Next week retired Air Force colonel William Oldenburg will go on trial for selling Spice, a synthetic marijuana product that he says police had told him was legal, at his two Boise, Idaho, stores: Pit Stop Express and Boise Beverage and Tobacco.
The U.S. Drug Enforcement Agency and local police raided the stores in May after a “multi-year” investigation of over a dozen tobacco stores and head shops in the Boise area. "Operation Not Fit For Human Consumption" netted 17 arrests.
Oldenburg, 65, along with a business partner, is also charged with selling drug paraphernalia, money laundering, and structuring transactions, a charge that contends he deposited money in amounts too small to trigger federal reporting requirements. Being convicted on the structuring charge alone could mean 10 years in jail and/or a $500,000 fine.
From the Idaho Statesman:
[Oldenburg] has no criminal record [and] estimates the government has seized more than $2 million in assets from him, including control of dozens of rental properties his lawyer says he acquired during his military service. He describes himself as a taxpaying citizen who follows the law. He’s out of jail awaiting trial, and his stores remain open.

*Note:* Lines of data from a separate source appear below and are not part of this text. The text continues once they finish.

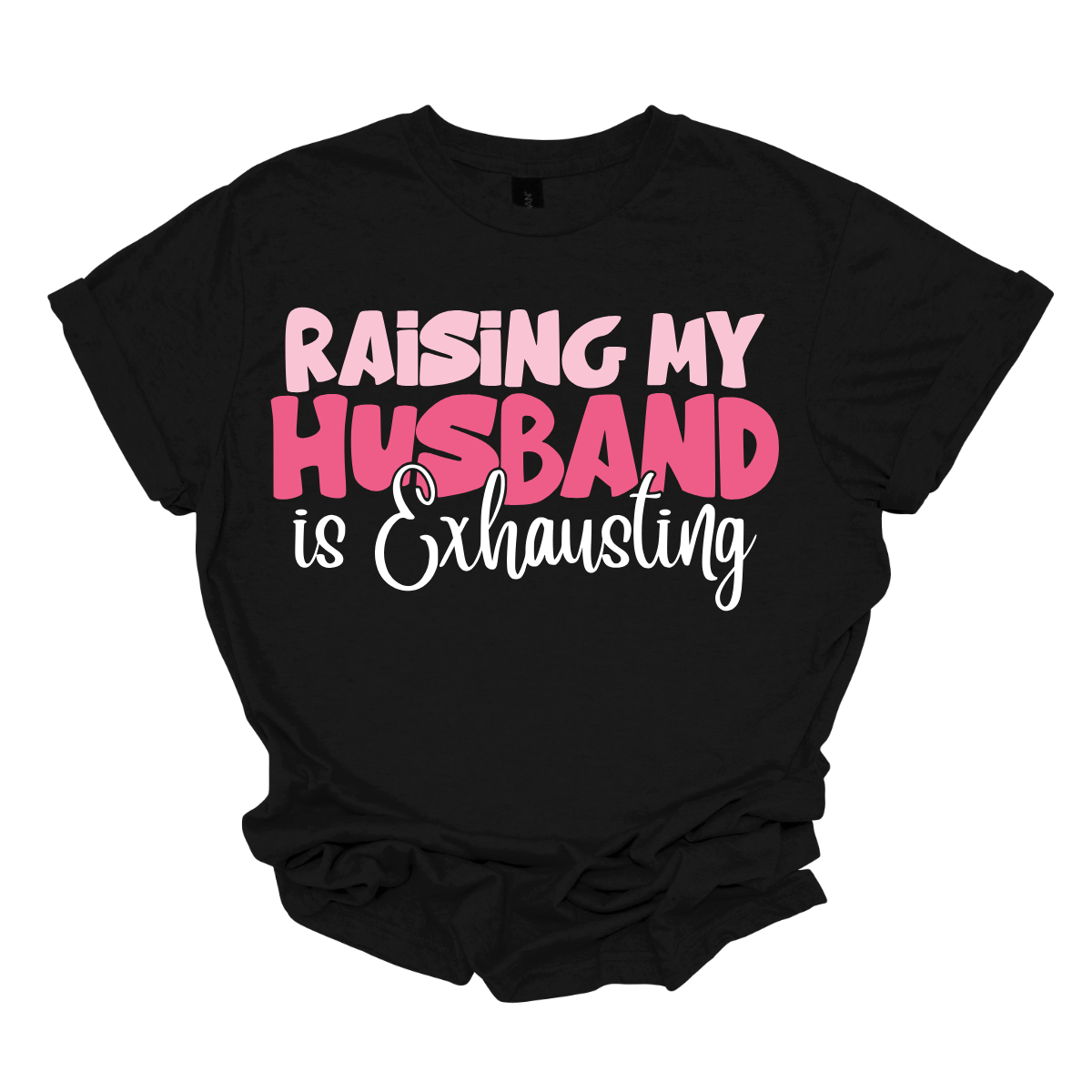 This T-shirt features the humorous phrase "Raising My Husband Is Exhausting" prominently across the chest. The text is creatively arranged in a mix of playful and quirky fonts, each each line standing out with a unique style. The color palette is a soft and vibrant pink, with a varying shade to enhance the fun and lighthearted vibe of the design. Shop at Gorgeousware.com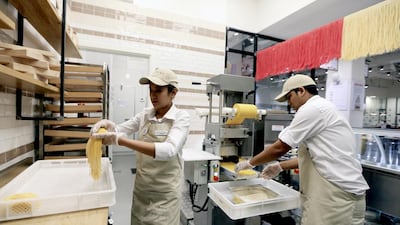 Sharmila Lama, left, and Bighneswor Parida prepare fresh pasta at Eataly. Sarah Dea / The National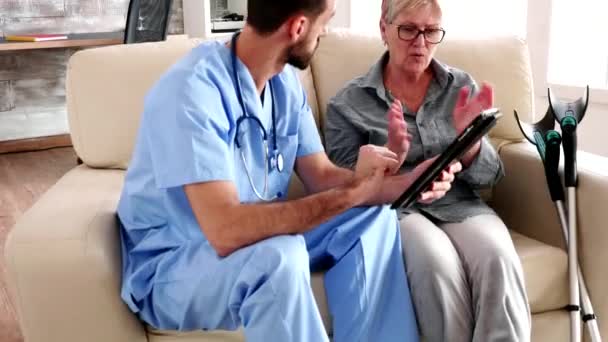 Enfermeira homem segurando tablet computador em casa de repouso
 - Filmagem, Vídeo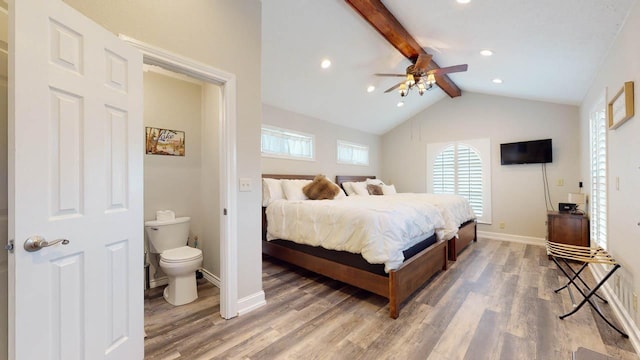 bedroom featuring connected bathroom, lofted ceiling with beams, ceiling fan, and wood-type flooring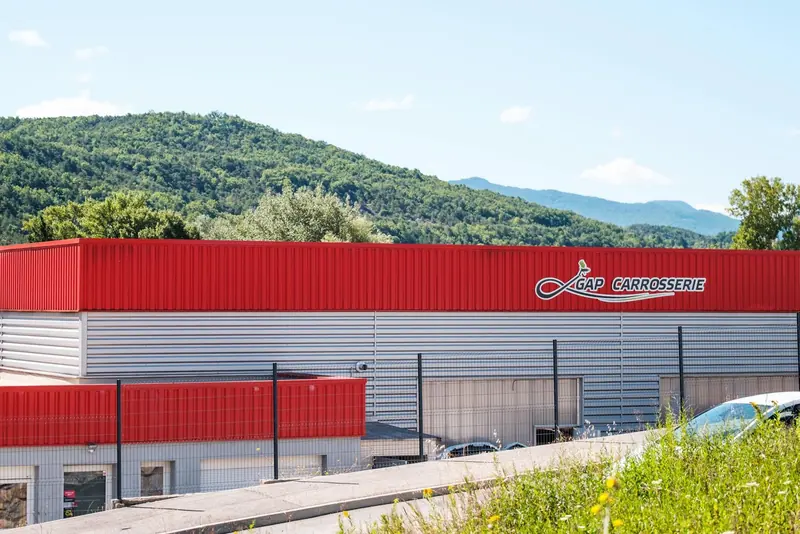 L’atelier Arena Gap Carrosserie, un bâtiment rouge et gris, devant les montagnes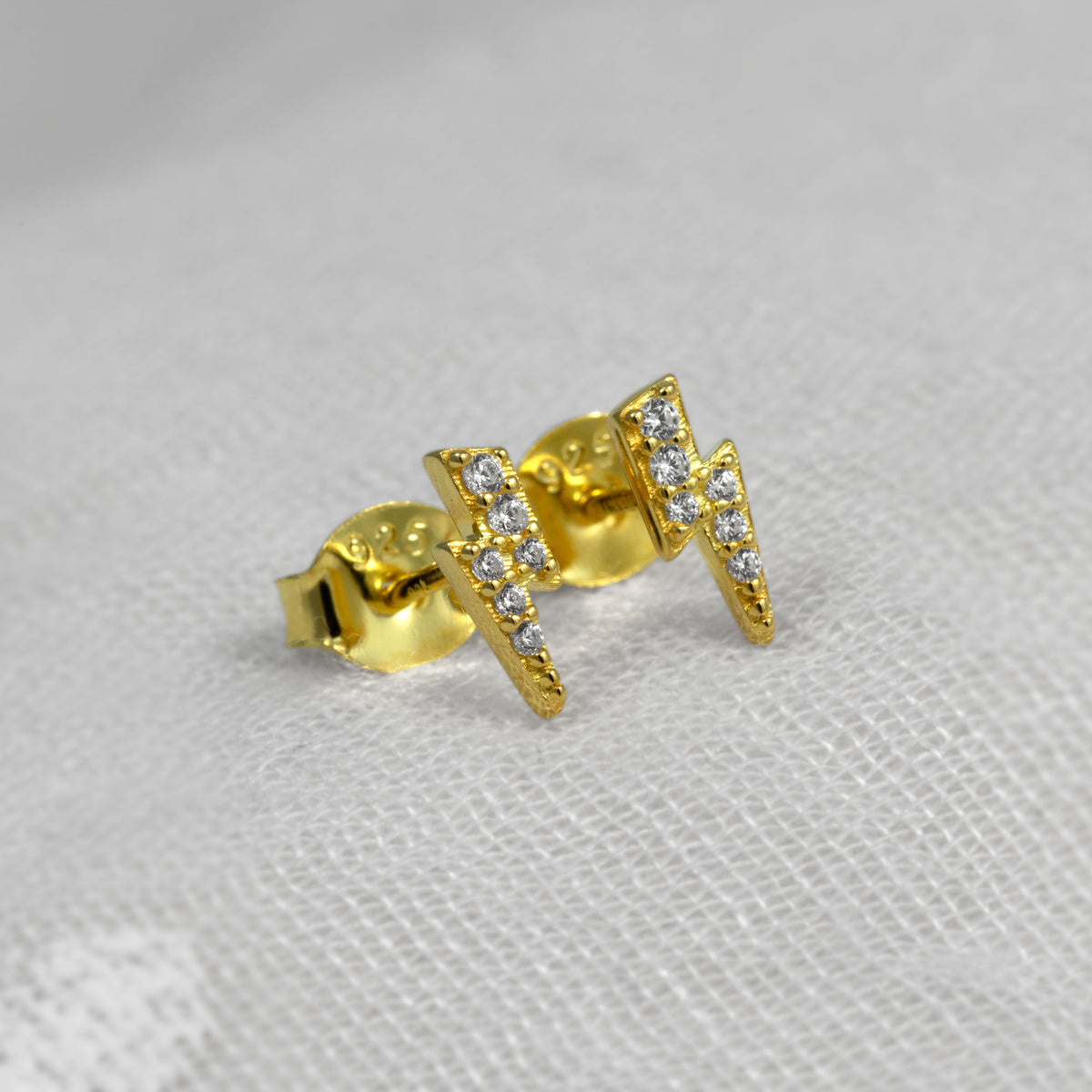 A pair of gold vermeil lightning bolt stud earrings set with small clear cubic zirconia stones, displayed on a textured white fabric background.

“This is more of the government attempting to disrupt the hard work of a retired Air Force colonel than actually punishing somebody for selling drug paraphernalia,” said Oldenburg’s court-appointed lawyer, Dennis Charney of Eagle. “The government has taken somebody who was pretty well off and could have afforded an attorney and has instead required the taxpayers to pay for his attorney. It’s ridiculous.”
…According to court documents, federal agents bought Spice at several of the stores, including from Oldenburg. But Charney said the substance they seized wasn’t illegal—it was part of a new formula created in response to the Spice ban. Manufacturers simply change the formula to circumvent the new bans. The product often is sold as incense or potpourri.
Charney says Oldenburg, aware of the controversy surrounding the product, met with Boise police months before the investigation began and showed them the substance marketed to him as potpourri, and they told him it was legal.